These include its anti-androgen effect, its Sig-R ligand-related activities resulting in early viral replication inhibition, and its blocking protease associated membrane fusion. 58

Several studies have been in favor of continuing anti-cancer therapies with close patient monitoring, despite the pandemic situation. When adjusted for relevant factors, anti-cancer treatments in general had no significant effect on mortality/severity of COVID-19. 32, 41, 44, 47, 49, 51, 53 In agreement, a large multicenter study on nearly 60,000 patients under anti-cancer therapy showed a low SARS-CoV-2 infection rate among these patients, 59 the results of which was confirmed in another smaller study. 60 An important point is to separate toxic and non-toxic anti-cancer treatments, i.e., chemo-vs.
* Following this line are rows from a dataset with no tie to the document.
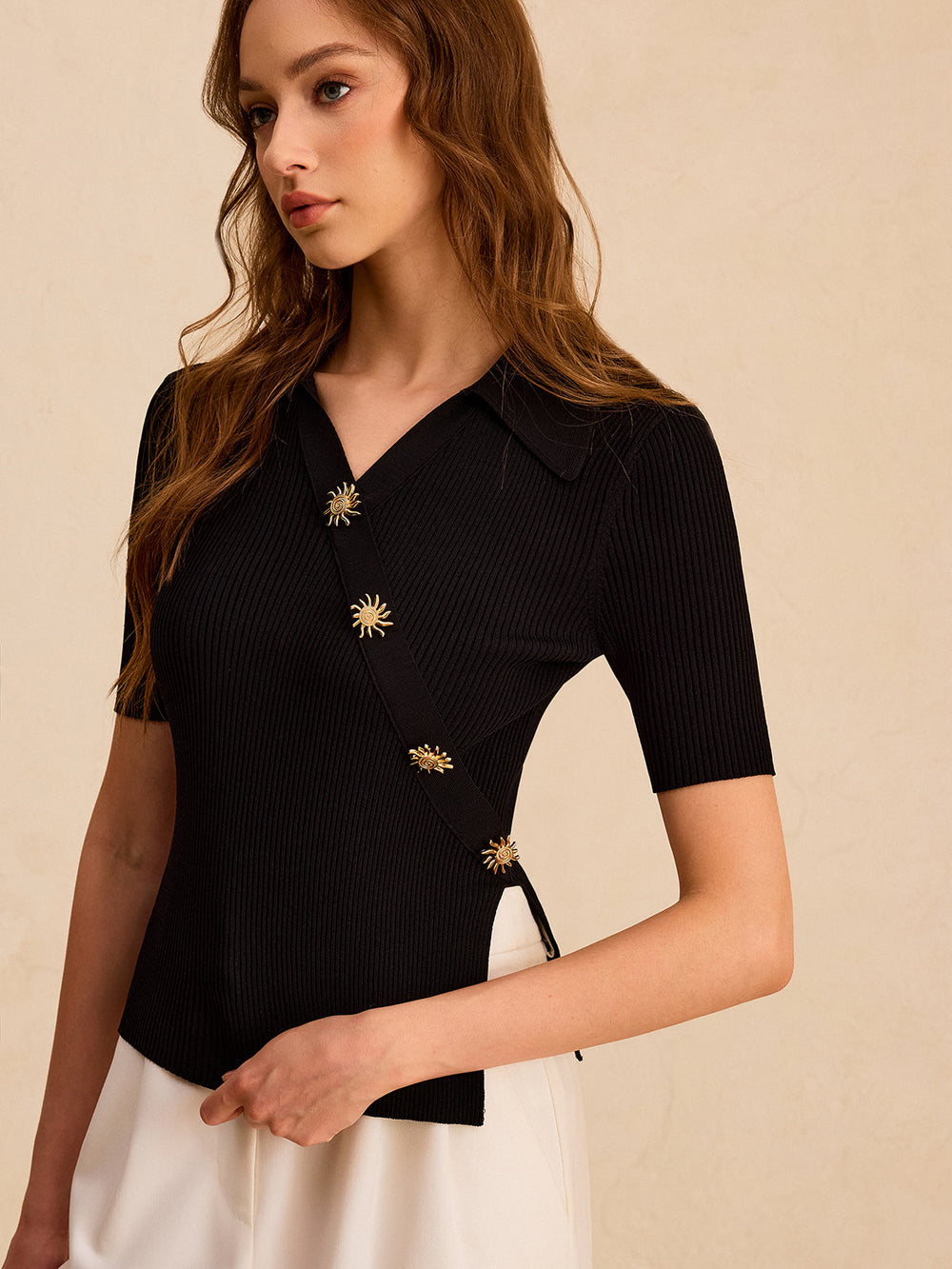 Asymmetric Metal Button Ribbed Knit Polo Top  Liora Lane Boutique Knit Tops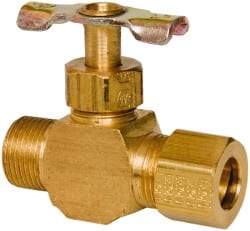 Eaton - 150 Max psi, 3/8" Pipe, Brass, Inline Instrumentation Needle Valve - Compression x Compression End Connections - All Tool & Supply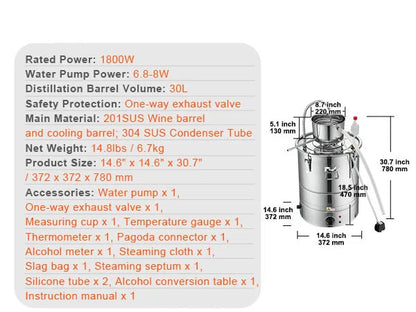 Distilleerketel - Destilleerapparaat - Moonshine - 34L - 1800W - Elektrische Distilleerset - voor Whisky, Wijn, Vodka, Etherische Oliën & Gedistilleerd Water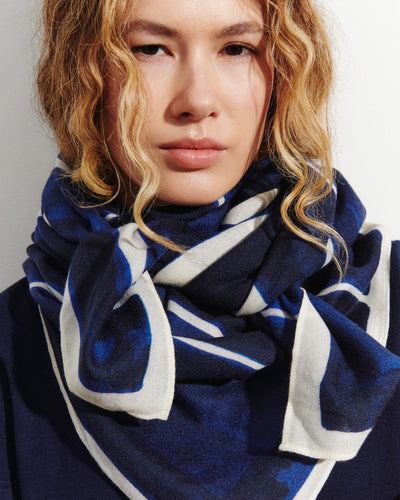 Carré imprimé-MARINE/NATUREL-100% cachemire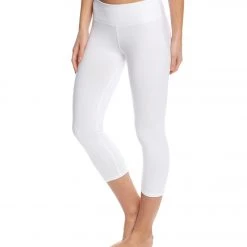 Hard Tail Flat Waisted Cotton Yoga Capris White CLOTHING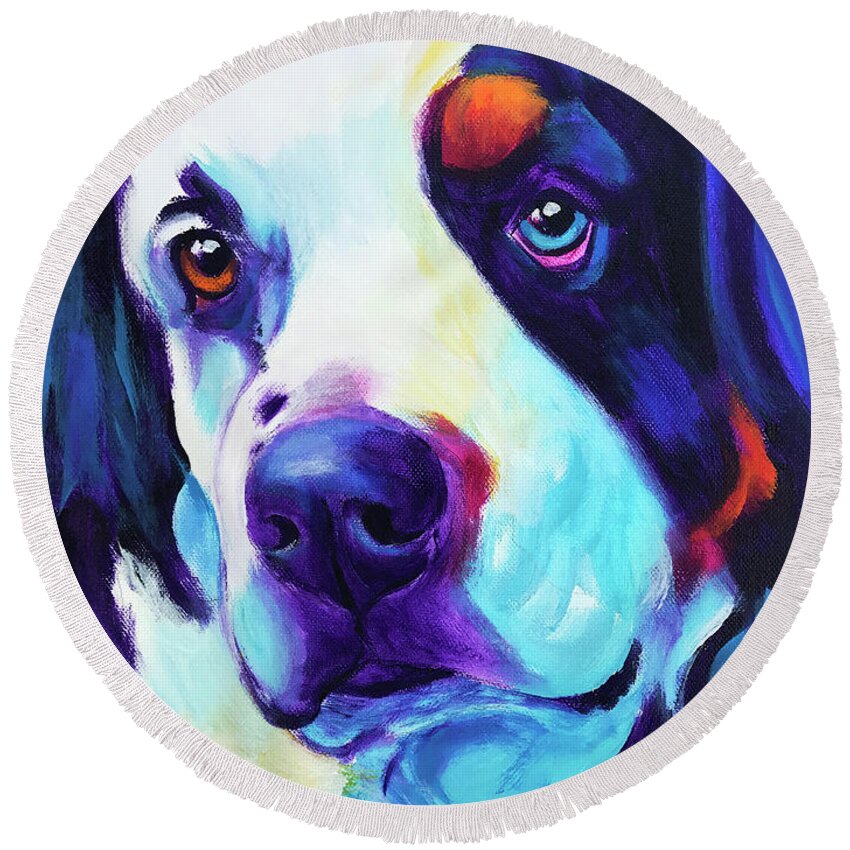 Pet Portrait Round Beach Towel featuring the painting Bernese Mountain Dog - Zeke in Blue by Dawg Painter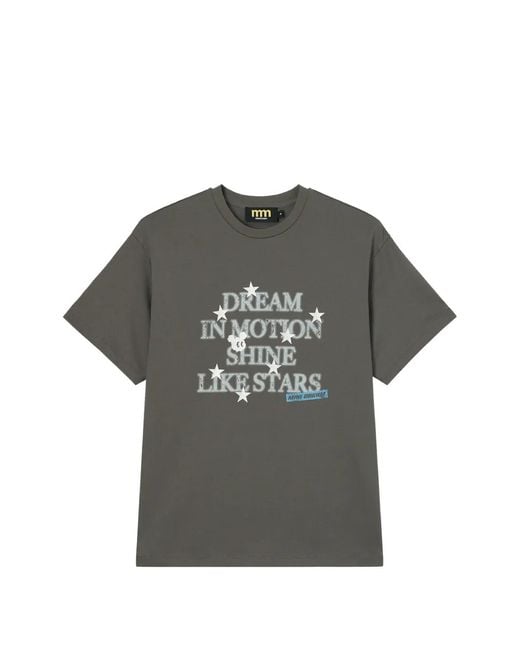 Mini Cream Gray Star-Motif T-Shirt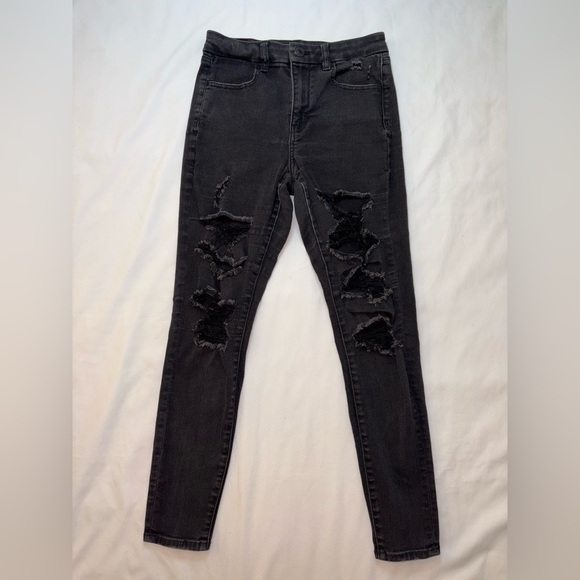 American Eagle Size 6 Black Hi Rise Next Level Stretch Skinny Jegging Jeans - Picture 1 of 9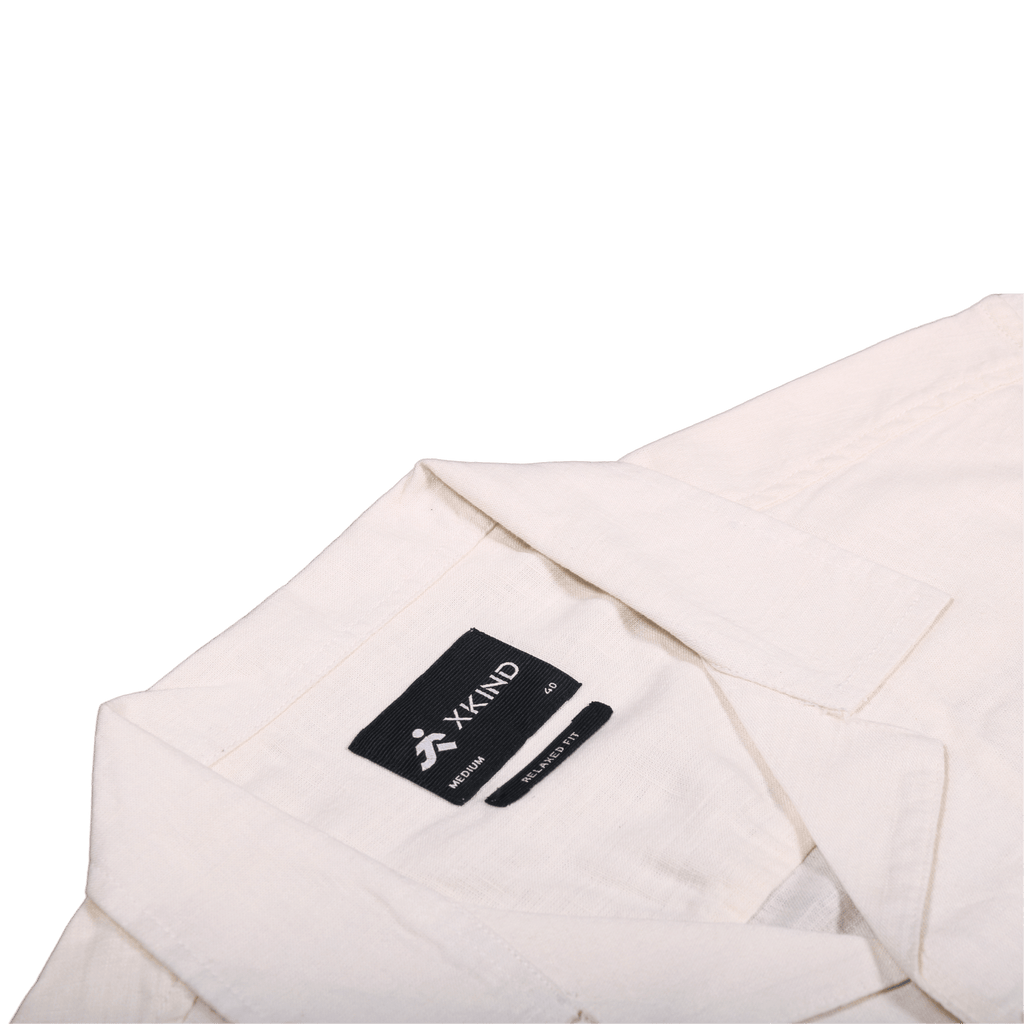 Xkind Tiger Printed Natural Linen Relaxed Fit Shirt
immune/endocrine-therapy. Some investigations support an increased COVID-19 severity and/or fatality in recipients of both therapies, 45 while others only found treatment with immune checkpoint inhibitors alone 52 or chemotherapy alone 46, 56 to be correlated with severe COVID-19 outcomes. In a large study in Norway, recent cancer treatment had no effect on age and sex-adjusted fatality, but anticancer therapy in the past three months led to increased risk of the combined outcome 'death and/or hospital admittance due to COVID-19'. 31 Regarding hormone-therapies, Italian researchers have shown that androgen deprivation therapies in prostate cancer patients have a partial protective effect against SARS-CoV-2 infection and complication, in line with androgen receptor features. 9 However, they indicated estrogen ablation to reduce COVID-19 incidence in breast cancer patients. 61 In confirmation, Bravaccini et al 58 demonstrated a protective role of the selective estrogen receptor modulator Tamoxifen, which was in contrast to the opinion of some, 57,62 but not others who suggest that this drug directly suppresses androgen receptor signaling, hence counteracts SARS-CoV-2. 63 Grivas et al 46 did not find increased severity of COVID-19 following endocrine therapy.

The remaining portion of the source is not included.